Greens Leave Government After Hollande Names Centrist Premier

The ecologists split from France’s ruling coalition after François Hollande appoints a centrist prime minister.

French interior minister Manuel Valls attends a Socialist Party event in Toulouse, October 27, 2012
French interior minister Manuel Valls attends a Socialist Party event in Toulouse, October 27, 2012 (PS/Rémi Desert)

France’s Greens broke away from President François Hollande’s coalition on Tuesday after the president appointed the relatively centrist Manuel Valls as prime minister.

Valls, the former interior minister, replaced Jean-Marc Ayrault after the ruling Socialists were defeated in local elections on Sunday by the conservative opposition. The party lost more than 150 big towns to the right and the far right.

“The ecologists will back the government without fail when it acts for progress and ecology but it will oppose it whenever ecology is not taken into account,” the party, which has seventeen seats in the National Assembly, said in a statement.

In particular, the Greens were adamant about maintaining a ban on exploration for shale gas in the country and had hoped to reduce France’s dependence on nuclear energy which provides some 75 percent of its electricity.

Valls’ new government will still have a majority without the Greens.
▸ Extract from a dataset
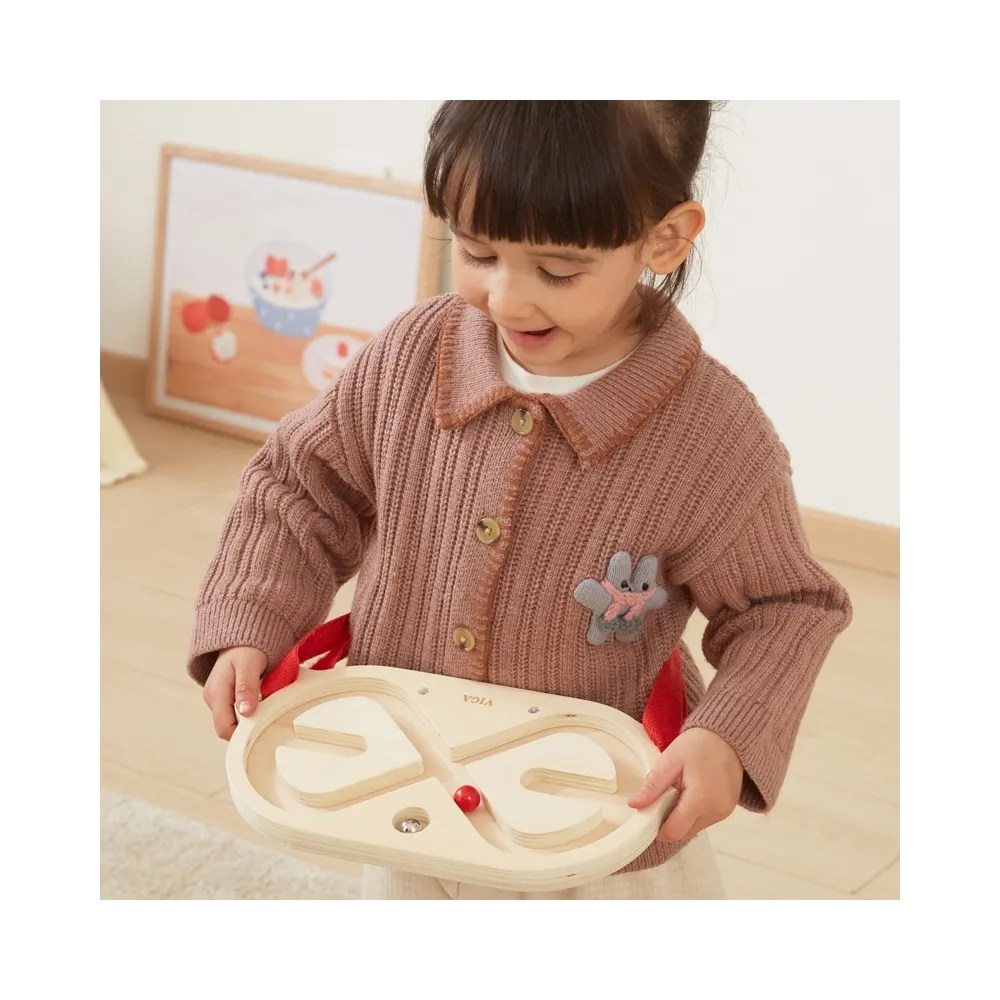 VIGA Zestaw Labiryntów Do Balansowania Ciałem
The main logic behind his appointment, according to The Economist, is that “Hollande wants to press ahead with a more business-friendly economic policy” that he announced earlier this year “in order to revive France’s weak economy.”

This includes €10 billion of new payroll tax cuts for firms, as part of a “responsibility pact” designed to encourage job creation. But, with France under surveillance from the European Commission, it also involves finding a hefty €50 billion of budget savings during 2015-2017.

“This will require tough, unpopular decisions,” the British newspaper points out — which so far Hollande has rarely made.

For example, the president recognizes that France’s high labor costs account in part for its 10.9 percent unemployment rate — the same as the European average but higher than it has been in fourteen years and more than twice the rate in neighboring Germany. Yet he has shied away from making concrete proposals for how to reduce it, which could include lower social contributions for employers or making it easier to fire workers.

The president’s allies have nevertheless hailed his new “social democratic” vision and Valls’ appointment should be seen in this light. While he has no experience running economic policy, he did carve out a reputation as a “social liberal,” proposing to scrap France’s 35 hour working week and raising the retirement age.

This not only puts him at odds with the Greens but the “old left” in the Socialist Party as well. Open Europe, a Euroskeptic think tank, warns, “Rebellions in parliament on future economic reforms cannot be ruled out.”

Valls’ first test will come later this month when he unveils France’s budget plans for the next two years. The country missed its deficit target of 4.1 percent in 2013, ending the year with a 4.3 percent shortfall instead. If it is to bring its deficit in line with the European treaty limit of 3 percent, and short of raising more taxes — which has made Hollande’s administration so unpopular — the new prime minister can only cut spending and promote policies that will boost growth. That will undoubtedly upset the far left which believes such reforms would undermine France’s social model.